Katie, like Streisand, refuses to let her heart have its way entirely. It wants love, but it has to have it on her will's terms. At no point does Streisand play Katie as a pre-feminist, insisting that her rights be respected, lest she be forced to supplicate herself to a male. Katie wants to supplicate herself to Hubble, she just also wants to be politically vocal and career-minded.

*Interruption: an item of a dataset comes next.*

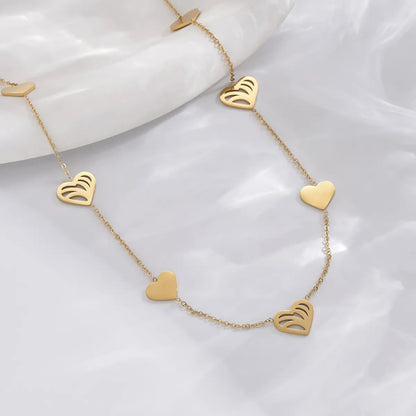 Simple Style Round Heart Shape Feather Stainless Steel Plating Hollow Out Inlay Acrylic 14k Gold Plated Necklace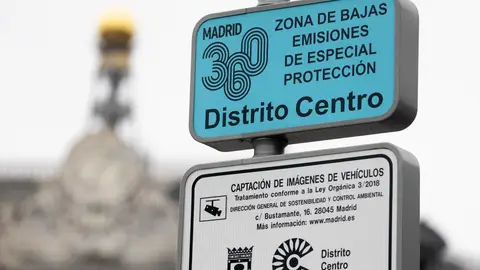 Una señalización de Zona de Bajas Emisiones de especial protección en el Distrito Centro Una señalización de Zona de Bajas Emisiones de especial protección en el Distrito Centro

The mistake of the film is to paint Katie tragic. In the end, I think Katie realises that Hubble is in fact a couple of rungs beneath her. Whatever love she feels for him, they're fundamentally incompatible. He is simply not versatile enough to embrace her contradictions, and not sure enough in his own. He resents the differences between him and Katie because he can't come up with a good enough reason why he should disagree with her. He doesn't offer any worthwhile alternative - he just wants to keep things light. At one point, he tells her that she pushes too hard, that she doesn't just give in. But that's what he does - roll through life on luck and happiness. She's a darker personality, more analytical, cynical, and in need of guarantees. He wants her to be a puppy dog like him, and she simply isn't.

At film's end, then, it's Katie triumphant. Her hair re-frizzed, a bundle of counter-culture pamphlets in her hand, she's sailing her own boat, as she always has. She's sorry to not have Hubble on board, and probably a little lonely, too. But bad luck, she's got other things to do. Hubble is unchanged, jumping in and out of limos with generic, younger blonds.

To me, Hubble's the one that ends up lonely. Stuck with partners that are not his equals, yet not complete within himself. For Katie, love is a Divine bonus, she needs it no less than she needs her own respect, but no more either.

At the end of OUT OF AFRICA, Streep's Blixen leaves that continent (hence the title, I suppose) to start anew. But start a new what? A coffee shop in Copenhagen? In fact, she spends a great deal of time reminiscing, writing lyrically about her time in Africa, often concentrating on her affair with Dennis. We don't see fictional Katie again, she lives only in THE WAY WE WERE. But I can't imagine her drifting, broken, trying to make a new life out of reporting on the old. Unlike Blixen, Katie/Streisand sees her life as an ever-unfolding story. She is so strongly self-defined, self-reliant and unique, that she absorbs all experiences.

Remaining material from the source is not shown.